Ora, não me atreverei a discordar da imensidão dos críticos literários que, em todo o mundo, saudaram o escritor e pensador José Saramago. Confesso, porém, que – tendo lido algumas de suas obras – não consegui me alinhar entre os seus fiéis leitores. Há um estilo diferenciado, construções ousadas, como que uma nova maneira de se expressar. Mas não me apanhou nem pela alma, nem pela razão. E a culpa deve ser minha, pois seria pretensão demais acreditar que, por não gostar da literatura de Saramago, ela seja menor. É algo que deve estar ligado a meu mundo interior, a uma concepção estética pessoal, a uma visão mais simples de vida, de belo, de mundo.
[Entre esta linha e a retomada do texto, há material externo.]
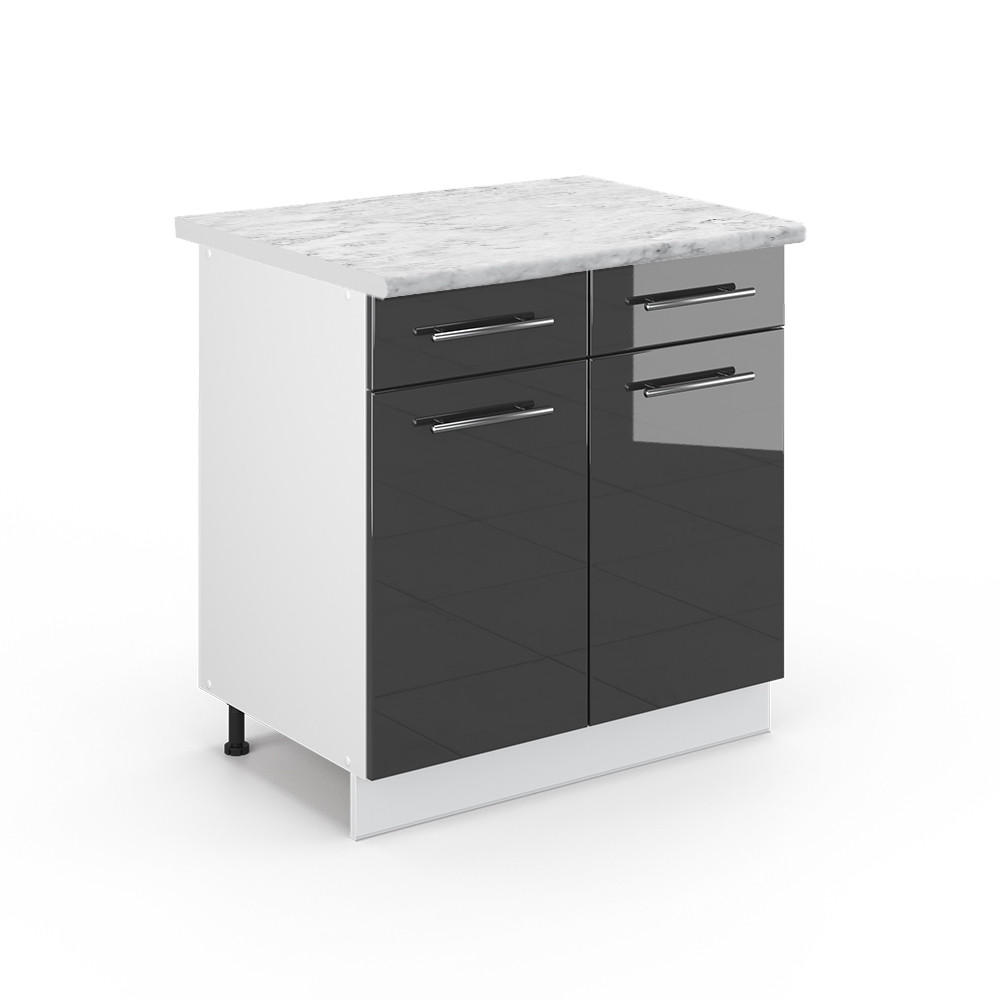 KÜCHENUNTERSCHRANK Fame-Line Anthrazit Hochglanz 80 cm, AP Marmor - Anthrazit/Weiß, Holzwerkstoff (80/82/60cm) - Vicco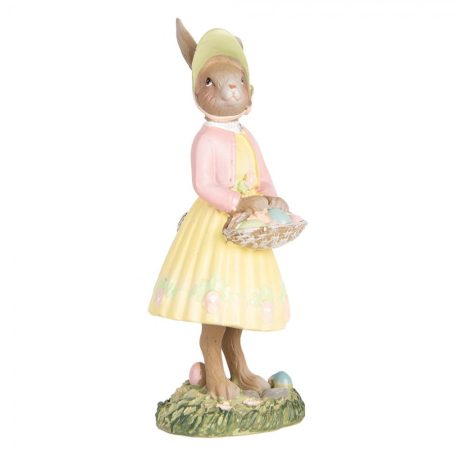 Sárga ruhás nyuszilány kosárkával - 12 cm - Raktáron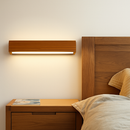 Applique murale LED rectangulaire en bois taillé Japan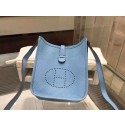 Luxury Hermes Evelyne Mini TPM Taurillon Clemence Palladium Hardware Handstitched High Quality, Bleu Lin CKJ7 RS04667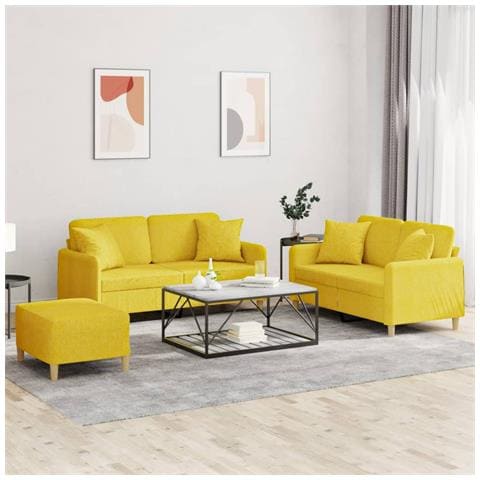Set Di Divani 3 Pz Con Cuscini Giallo Chiaro In Tessuto - Foto 1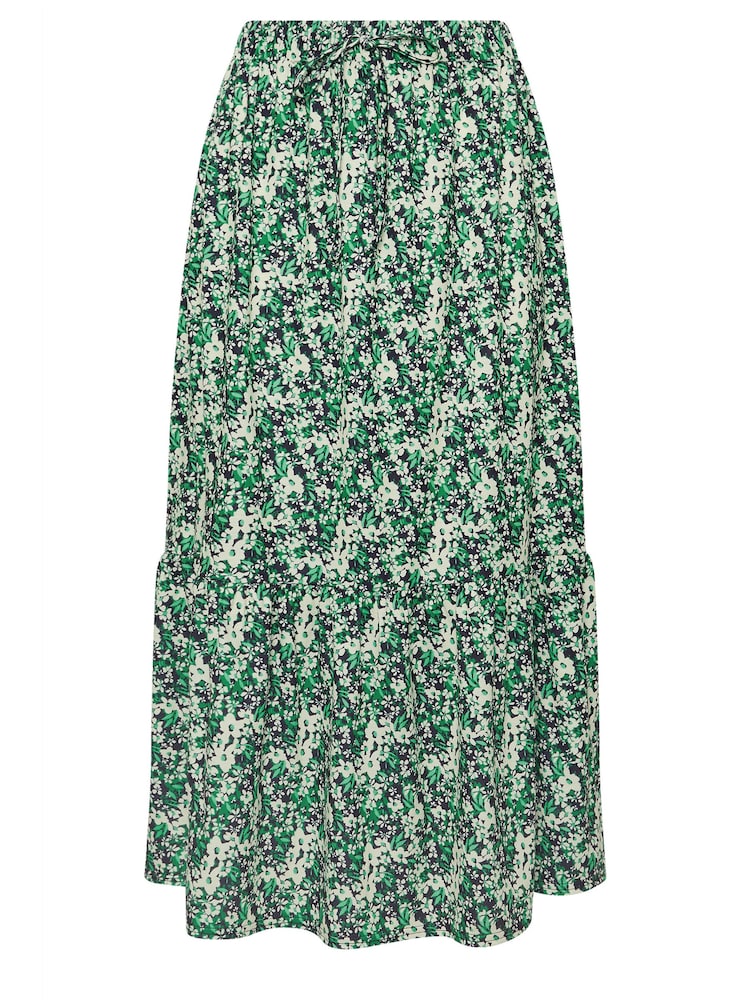 M&Co Green Ditsy Floral Print Tiered Midi Skirt - Image 5 of 5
Para mim, a obra que precisa ser explicada não merece atenções maiores, pois obra artística fala por si mesma, penso eu. Seja um quadro, uma escultura, uma frase, um conto, um livro.

Não consegui mais ler Saramago, como, ainda hoje, não consigo ler o “Ulisses” de Joyce, nem mesmo “Grande Sertão”, de Guimarães Rosa. Quanto a este, é obra que, no meu entender, deve ser lida ao longo de toda uma vida, destrinchando e decifrando frase por frase, palavra por palavra, um livro, portanto, mais para estudiosos do que para leitores. Ao contrário de Sagarana, que encanta pela simplicidade. O “Ulisses”, por sua vez, é teimosia que cultivo aplicadamente: a cada cinco anos, abro a minha edição de 1964, tento ler e, ainda agora, não consigo passar das primeiras dez páginas. Como Joyce tem multidões de admiradores e de fanáticos adoradores de sua obra, admito com sinceridade e franqueza: o burro sou eu, a incapacidade é minha.

Em Saramago, o que me atraiu é a força do pensamento, a capacidade de reflexão, a percepção liberta de preconceitos antigos mas, talvez, aprisionada a novos outros. No entanto, o estilo da narrativa saramagueana nunca conseguiu me seduzir, talvez pelas fontes literárias primeiras que me encantaram e ainda encantam: Eça, Machado, Vieira, Fernando Pessoa, Neruda, Érico Veríssimo, o contador de histórias ímpar que foi Jorge Amado. E, depois, mulheres de quem tenho raiva e inveja ao mesmo tempo, tal a doçura da escrita, a simplicidade, a genialidade: Rachel de Queiroz, Cecília Meirelles, Adélia Prado, entre as quais não alinho a Lispector, que não consegue me apanhar pela alma.

O fato é que a humanidade perde outro de seus mais fecundos escritores, pensador singular, personalidade polêmica, indomável, rebelde. José Saramago lá se vai e outro vazio se abre nesse imenso deserto de idéias e de humanidades, devastado pela tecnologia neutra, fria e dependente do caráter de quem a utiliza. Bom dia.